_SOURCE DATA_

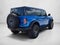 2024 Ford Bronco Badlands 4 Door Advanced 4x4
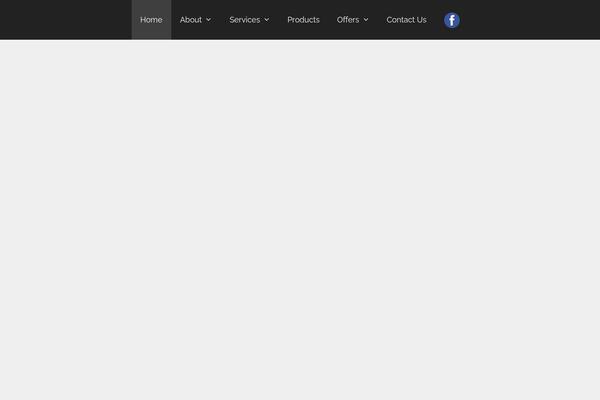 Site using Accesspress-social-icons-pro plugin
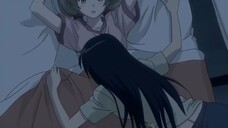 Sumika x Kazama Úi tớ trược chân rồi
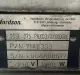 Nordson 7148333 Hot Melt Distributor W/3-Valves 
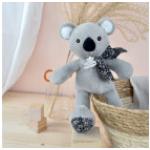 Peluches Histoire d'ours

_INSTRUCTIONS FOR THE TASK_
Before copying the material, set its pictures aside; then transcribe it word for word.

_WRITTEN REPLY_
 2024 Ford Bronco Badlands 4 Door Advanced 4x4
 Site using Accesspress-social-icons-pro plugin
 Sumika x Kazama Úi tớ trược chân rồi
 Nordson 7148333 Hot Melt Distributor W/3-Valves 
 Peluches Histoire d'ours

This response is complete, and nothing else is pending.